Problem to work on:
In the records below, find the line with "1 dormitorio con" and the line with "Kız barmen salonda kokteyl hazırlıyor."; return exactly those lines and every line between them.

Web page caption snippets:

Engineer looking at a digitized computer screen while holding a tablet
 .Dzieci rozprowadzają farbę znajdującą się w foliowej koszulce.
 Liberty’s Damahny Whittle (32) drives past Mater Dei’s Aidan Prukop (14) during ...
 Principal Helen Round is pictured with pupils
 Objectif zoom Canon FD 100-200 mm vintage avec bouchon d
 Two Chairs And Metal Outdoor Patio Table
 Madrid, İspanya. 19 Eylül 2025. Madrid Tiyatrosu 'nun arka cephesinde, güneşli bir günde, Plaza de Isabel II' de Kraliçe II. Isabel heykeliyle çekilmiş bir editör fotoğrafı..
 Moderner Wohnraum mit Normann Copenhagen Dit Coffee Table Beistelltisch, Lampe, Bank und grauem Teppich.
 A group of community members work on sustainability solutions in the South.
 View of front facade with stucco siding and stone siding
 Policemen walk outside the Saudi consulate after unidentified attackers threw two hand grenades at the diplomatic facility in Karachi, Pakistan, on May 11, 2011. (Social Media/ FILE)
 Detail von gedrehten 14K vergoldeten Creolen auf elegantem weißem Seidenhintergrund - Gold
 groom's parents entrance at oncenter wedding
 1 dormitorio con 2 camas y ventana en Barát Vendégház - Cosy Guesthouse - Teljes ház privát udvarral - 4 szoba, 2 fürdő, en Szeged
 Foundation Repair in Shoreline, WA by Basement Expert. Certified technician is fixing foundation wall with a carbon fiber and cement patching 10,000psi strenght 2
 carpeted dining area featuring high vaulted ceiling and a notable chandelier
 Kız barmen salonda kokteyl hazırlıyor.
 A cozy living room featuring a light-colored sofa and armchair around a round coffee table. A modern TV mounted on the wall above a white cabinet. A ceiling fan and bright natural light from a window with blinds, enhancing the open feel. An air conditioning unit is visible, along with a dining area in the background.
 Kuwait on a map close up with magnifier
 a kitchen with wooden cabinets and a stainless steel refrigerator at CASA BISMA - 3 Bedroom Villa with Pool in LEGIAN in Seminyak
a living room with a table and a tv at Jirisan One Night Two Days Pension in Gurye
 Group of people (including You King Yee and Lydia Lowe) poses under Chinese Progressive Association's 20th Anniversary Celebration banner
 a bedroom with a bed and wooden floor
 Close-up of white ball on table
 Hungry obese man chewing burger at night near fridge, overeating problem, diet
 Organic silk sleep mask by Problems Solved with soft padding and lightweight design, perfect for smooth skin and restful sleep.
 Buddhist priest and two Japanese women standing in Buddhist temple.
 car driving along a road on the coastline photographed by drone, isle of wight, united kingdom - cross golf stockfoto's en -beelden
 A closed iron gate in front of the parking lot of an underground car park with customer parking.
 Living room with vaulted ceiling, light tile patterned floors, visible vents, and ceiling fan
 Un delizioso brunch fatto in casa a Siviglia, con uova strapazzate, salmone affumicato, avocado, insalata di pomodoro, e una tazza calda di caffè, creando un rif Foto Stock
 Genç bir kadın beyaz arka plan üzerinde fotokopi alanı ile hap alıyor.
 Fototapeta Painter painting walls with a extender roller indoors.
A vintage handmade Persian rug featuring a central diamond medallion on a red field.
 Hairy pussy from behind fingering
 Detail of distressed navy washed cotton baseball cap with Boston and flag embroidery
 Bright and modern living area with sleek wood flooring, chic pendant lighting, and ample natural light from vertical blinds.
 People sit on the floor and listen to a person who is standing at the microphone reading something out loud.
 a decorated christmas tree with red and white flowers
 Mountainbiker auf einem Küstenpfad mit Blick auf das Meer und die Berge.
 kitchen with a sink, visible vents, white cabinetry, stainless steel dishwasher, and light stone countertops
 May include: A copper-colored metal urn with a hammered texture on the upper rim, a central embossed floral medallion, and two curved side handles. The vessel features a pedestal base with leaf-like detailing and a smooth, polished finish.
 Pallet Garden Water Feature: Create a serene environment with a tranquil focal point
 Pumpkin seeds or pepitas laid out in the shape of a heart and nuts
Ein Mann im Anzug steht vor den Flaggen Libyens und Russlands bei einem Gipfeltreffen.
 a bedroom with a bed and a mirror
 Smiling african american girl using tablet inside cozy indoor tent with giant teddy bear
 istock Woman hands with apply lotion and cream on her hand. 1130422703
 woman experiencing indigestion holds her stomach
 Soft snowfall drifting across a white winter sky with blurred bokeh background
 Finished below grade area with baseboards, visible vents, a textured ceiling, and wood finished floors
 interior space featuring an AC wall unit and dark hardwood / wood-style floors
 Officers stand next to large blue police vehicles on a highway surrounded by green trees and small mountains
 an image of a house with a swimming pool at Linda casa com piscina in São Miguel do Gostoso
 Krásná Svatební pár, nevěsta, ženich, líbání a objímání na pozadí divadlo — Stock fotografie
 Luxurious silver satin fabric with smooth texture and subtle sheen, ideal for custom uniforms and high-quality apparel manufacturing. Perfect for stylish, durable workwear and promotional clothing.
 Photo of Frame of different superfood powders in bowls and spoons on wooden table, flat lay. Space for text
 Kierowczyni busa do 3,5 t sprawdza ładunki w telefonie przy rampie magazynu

Exercise answer:
 1 dormitorio con 2 camas y ventana en Barát Vendégház - Cosy Guesthouse - Teljes ház privát udvarral - 4 szoba, 2 fürdő, en Szeged
 Foundation Repair in Shoreline, WA by Basement Expert. Certified technician is fixing foundation wall with a carbon fiber and cement patching 10,000psi strenght 2
 carpeted dining area featuring high vaulted ceiling and a notable chandelier
 Kız barmen salonda kokteyl hazırlıyor.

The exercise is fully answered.